The BW-owned company scooped the prize for dreaming up a collaborative “diversity lab” to come up with concrete proposals to help employees.
Hafnia beat a strong field of Norden, DFDS and Maersk Tankers to the award.
Confetti fell and champagne corks popped when the staff were told the news on Friday last week.
The company’s Maritime Diversity, Equity & Inclusion Lab was put together with RightShip, Wilhelmsen, Thome Group, Rio Tinto and Anglo American.
The partnership is a kind of internal think tank where employees and teams across the companies can contribute with good ideas and initiatives that can be spread to other companies.
In the first year, 2020, more than 50 ideas about better diversity were shared.

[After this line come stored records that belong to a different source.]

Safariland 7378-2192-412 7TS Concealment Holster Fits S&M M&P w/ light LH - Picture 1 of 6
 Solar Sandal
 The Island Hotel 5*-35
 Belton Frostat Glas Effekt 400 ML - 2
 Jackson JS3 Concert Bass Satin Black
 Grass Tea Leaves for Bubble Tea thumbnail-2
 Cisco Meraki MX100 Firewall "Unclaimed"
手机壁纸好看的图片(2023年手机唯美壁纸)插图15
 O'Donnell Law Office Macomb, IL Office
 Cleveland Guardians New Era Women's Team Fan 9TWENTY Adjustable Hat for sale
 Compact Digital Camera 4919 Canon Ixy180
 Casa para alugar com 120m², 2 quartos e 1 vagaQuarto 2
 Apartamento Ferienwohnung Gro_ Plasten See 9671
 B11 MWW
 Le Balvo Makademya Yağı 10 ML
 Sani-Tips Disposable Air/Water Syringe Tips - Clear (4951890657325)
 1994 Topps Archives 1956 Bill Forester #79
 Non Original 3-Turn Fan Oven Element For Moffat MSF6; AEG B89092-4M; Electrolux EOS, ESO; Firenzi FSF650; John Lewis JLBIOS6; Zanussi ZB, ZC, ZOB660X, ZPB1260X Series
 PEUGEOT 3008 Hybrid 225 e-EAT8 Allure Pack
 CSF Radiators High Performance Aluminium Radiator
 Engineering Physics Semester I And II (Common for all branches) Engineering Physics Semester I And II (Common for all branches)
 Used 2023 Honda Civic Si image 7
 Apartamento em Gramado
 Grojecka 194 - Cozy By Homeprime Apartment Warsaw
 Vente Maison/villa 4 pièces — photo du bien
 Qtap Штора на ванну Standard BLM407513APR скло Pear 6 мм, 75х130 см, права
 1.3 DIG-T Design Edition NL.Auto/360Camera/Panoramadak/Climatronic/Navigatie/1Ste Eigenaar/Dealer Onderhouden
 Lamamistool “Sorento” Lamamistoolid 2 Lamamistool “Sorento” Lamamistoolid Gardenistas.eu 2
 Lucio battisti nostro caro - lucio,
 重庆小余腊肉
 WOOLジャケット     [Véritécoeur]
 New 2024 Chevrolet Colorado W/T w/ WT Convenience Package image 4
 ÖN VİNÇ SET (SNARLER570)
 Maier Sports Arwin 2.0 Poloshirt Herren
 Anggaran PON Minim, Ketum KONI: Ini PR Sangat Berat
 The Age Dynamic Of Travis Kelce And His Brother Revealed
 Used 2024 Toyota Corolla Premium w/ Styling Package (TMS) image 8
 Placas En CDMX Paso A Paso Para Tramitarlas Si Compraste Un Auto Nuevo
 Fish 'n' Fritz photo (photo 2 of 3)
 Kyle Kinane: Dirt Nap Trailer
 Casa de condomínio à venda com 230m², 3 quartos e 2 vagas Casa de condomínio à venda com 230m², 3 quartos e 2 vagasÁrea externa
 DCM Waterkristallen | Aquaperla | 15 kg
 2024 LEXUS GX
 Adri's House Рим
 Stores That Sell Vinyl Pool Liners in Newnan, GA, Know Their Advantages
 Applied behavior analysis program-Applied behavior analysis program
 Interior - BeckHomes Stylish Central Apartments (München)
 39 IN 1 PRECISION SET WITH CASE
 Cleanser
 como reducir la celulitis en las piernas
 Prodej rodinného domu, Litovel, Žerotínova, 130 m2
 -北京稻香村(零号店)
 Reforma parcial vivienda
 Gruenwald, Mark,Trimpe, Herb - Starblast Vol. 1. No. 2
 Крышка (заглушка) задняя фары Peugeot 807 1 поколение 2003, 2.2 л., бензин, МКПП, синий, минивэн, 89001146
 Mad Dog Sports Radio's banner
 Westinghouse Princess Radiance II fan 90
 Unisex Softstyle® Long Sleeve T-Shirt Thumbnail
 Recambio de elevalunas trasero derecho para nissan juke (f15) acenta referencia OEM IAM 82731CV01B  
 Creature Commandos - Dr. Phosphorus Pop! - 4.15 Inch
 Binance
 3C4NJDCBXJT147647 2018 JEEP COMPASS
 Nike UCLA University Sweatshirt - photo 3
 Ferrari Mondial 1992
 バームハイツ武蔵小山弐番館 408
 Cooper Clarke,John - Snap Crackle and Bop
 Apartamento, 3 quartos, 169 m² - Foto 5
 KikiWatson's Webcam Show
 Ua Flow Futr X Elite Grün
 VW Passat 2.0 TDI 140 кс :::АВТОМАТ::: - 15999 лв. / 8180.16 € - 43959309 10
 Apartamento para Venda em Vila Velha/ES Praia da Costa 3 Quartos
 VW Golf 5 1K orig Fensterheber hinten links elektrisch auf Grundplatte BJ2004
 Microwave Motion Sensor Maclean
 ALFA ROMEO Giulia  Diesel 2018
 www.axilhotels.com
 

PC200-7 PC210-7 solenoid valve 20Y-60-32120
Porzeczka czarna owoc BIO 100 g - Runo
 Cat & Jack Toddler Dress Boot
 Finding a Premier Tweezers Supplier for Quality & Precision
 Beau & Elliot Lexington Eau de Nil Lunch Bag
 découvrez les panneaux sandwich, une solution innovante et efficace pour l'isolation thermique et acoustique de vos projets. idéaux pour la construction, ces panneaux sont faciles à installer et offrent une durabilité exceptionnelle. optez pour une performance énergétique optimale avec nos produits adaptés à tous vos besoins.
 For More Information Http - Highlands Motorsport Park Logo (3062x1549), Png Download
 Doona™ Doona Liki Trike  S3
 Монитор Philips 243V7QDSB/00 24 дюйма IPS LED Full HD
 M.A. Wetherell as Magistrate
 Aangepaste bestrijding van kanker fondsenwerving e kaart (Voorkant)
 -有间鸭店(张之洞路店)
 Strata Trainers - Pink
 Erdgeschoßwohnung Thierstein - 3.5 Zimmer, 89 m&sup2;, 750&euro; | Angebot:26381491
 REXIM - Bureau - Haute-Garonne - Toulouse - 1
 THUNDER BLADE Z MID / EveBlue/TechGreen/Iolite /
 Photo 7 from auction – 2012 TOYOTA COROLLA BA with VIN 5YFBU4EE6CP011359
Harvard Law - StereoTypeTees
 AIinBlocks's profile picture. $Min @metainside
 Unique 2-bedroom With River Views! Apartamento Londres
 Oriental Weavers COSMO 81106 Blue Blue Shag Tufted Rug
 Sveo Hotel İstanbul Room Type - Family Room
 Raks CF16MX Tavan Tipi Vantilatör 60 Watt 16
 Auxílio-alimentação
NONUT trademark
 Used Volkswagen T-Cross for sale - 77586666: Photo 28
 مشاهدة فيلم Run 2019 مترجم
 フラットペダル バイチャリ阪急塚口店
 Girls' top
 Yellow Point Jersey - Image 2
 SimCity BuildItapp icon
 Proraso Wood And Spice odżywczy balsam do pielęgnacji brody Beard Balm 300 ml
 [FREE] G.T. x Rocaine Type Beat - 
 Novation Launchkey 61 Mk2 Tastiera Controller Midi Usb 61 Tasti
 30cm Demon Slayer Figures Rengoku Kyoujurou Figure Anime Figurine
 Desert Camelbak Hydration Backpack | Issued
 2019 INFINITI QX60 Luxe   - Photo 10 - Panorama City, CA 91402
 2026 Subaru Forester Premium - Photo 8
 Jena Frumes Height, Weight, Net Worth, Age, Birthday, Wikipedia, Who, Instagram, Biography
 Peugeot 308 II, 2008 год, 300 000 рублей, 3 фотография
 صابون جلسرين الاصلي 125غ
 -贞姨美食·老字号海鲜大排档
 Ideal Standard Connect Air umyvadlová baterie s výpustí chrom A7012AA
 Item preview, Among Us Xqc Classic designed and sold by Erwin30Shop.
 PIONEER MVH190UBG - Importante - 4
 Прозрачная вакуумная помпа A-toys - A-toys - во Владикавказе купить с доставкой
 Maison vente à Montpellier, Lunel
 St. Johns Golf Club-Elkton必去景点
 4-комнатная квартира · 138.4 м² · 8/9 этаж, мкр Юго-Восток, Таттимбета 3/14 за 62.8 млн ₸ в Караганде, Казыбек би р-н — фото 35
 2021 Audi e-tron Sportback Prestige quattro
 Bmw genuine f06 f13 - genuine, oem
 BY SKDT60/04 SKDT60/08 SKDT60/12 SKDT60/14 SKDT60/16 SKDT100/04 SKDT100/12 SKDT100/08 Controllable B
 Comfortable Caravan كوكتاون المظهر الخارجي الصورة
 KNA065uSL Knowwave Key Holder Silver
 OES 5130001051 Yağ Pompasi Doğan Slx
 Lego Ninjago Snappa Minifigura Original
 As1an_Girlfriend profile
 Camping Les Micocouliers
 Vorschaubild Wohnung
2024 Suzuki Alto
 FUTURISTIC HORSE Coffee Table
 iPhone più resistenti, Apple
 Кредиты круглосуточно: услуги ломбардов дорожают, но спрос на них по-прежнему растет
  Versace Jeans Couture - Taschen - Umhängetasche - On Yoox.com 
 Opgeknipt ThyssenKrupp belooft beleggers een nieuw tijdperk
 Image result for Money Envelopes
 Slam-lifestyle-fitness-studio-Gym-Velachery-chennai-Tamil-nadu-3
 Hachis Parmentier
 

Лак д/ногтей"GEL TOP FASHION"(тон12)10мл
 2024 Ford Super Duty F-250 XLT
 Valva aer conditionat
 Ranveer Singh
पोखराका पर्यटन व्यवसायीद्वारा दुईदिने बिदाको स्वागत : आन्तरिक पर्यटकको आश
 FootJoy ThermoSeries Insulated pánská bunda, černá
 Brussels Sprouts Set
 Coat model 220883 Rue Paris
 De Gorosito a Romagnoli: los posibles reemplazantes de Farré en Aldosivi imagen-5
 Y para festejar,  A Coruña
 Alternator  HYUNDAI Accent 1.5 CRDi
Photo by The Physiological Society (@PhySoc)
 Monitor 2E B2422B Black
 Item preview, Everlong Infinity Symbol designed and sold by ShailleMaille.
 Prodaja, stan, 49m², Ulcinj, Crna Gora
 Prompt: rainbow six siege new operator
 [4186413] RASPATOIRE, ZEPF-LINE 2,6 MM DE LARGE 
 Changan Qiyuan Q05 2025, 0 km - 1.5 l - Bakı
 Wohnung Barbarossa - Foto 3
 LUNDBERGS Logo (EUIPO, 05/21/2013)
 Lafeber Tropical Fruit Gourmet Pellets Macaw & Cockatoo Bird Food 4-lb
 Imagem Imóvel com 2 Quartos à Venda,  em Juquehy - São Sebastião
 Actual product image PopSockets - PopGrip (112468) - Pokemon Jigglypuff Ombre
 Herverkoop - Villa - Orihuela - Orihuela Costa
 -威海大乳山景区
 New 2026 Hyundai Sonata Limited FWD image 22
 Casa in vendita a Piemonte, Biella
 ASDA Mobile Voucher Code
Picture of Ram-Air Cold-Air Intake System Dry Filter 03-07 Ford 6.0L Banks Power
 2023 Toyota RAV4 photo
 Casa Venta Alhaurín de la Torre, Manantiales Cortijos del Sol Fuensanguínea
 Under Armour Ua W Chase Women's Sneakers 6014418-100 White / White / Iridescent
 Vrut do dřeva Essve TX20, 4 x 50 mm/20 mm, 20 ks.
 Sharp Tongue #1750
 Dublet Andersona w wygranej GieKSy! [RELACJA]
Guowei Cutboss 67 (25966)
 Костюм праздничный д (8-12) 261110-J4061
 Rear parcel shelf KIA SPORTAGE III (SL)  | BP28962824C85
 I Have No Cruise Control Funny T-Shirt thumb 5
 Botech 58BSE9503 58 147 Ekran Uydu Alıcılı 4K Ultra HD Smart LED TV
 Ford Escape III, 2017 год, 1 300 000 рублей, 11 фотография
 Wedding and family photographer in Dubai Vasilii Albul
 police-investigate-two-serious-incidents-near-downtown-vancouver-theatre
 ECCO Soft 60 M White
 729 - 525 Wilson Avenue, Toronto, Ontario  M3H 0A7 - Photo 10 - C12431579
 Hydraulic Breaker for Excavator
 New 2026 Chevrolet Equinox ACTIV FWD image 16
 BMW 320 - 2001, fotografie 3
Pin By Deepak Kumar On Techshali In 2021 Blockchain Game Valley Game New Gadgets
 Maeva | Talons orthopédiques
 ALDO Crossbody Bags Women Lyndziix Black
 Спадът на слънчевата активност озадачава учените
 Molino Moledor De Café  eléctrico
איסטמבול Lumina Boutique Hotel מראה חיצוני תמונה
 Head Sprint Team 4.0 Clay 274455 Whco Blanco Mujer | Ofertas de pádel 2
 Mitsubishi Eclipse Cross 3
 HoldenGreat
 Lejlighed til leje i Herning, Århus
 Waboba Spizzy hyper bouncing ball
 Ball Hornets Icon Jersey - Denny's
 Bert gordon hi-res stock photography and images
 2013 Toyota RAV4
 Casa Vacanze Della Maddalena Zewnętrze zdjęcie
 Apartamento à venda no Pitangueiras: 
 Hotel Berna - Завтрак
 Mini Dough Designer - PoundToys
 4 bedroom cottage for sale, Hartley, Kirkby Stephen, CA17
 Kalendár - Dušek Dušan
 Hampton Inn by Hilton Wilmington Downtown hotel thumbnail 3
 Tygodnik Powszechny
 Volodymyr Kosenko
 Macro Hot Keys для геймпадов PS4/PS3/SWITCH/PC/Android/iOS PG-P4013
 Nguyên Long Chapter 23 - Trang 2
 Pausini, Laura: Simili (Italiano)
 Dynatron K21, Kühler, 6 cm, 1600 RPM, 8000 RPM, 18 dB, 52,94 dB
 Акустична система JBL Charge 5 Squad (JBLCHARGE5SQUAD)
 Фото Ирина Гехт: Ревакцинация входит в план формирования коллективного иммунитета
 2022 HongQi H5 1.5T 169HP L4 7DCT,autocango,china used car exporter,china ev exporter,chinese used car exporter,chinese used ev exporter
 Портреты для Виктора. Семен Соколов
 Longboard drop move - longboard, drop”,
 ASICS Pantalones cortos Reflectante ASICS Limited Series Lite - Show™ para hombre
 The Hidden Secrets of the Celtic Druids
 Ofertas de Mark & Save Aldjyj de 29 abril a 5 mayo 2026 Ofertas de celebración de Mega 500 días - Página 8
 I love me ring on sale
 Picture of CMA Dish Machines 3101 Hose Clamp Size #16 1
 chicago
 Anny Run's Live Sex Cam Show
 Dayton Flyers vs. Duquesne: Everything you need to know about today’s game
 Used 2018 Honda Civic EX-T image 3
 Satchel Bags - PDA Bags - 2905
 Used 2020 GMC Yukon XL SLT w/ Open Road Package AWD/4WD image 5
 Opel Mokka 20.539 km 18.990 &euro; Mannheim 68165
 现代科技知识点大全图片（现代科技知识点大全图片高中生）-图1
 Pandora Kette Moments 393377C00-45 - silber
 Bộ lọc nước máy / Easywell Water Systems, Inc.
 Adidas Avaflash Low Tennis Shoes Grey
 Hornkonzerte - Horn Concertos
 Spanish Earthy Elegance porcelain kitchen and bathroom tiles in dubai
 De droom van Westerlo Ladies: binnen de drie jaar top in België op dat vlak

Anne Windfeldt Trolle, executive director at Danish Shipping, said the jury had praised a “very creative, innovative and almost magical initiative”.
“It was really difficult to choose a winner and it was a very close run,” she said. “The initiatives are rather different but what they all have in common is that they are very serious about bettering diversity and that they contribute to bringing about real change.”
Hafnia chief executive Mikael Skov said: “Progress through collaboration and a collective approach to address change is the tangibility we at Hafnia have been pushing for.”
Game-changer
“We should all continue to address the challenges at an organisational level, but when we come together and lead the change in the industry as a whole, it becomes a game-changer.”
In particular, he thanked Hafnia’s head of innovation, Shanker Pillai, and Richard Holdsworth, founder of environmental, social and governance (ESG) benchmarking company V-Box, as the true drivers of the lab.
Mia Krogslund Jorgensen, head of people, culture and strategy at Hafnia, said: “We have received a vast number of submissions from all over the world, from those onshore and at sea. Thank you to everyone who participated. All your contributions make a difference to evolving the maritime reality.”
The first result of the think tank is called SeaCode, which is an app through which both women and men at sea who have experienced harassment or bullying can share their experiences and seek advice and help.
Other members of the jury included Anja Rose, head of organisational performance and development at Welltec, and Heidi Heseltine, chief executive of Halcyon Recruitment and founder of Diversity Study Group.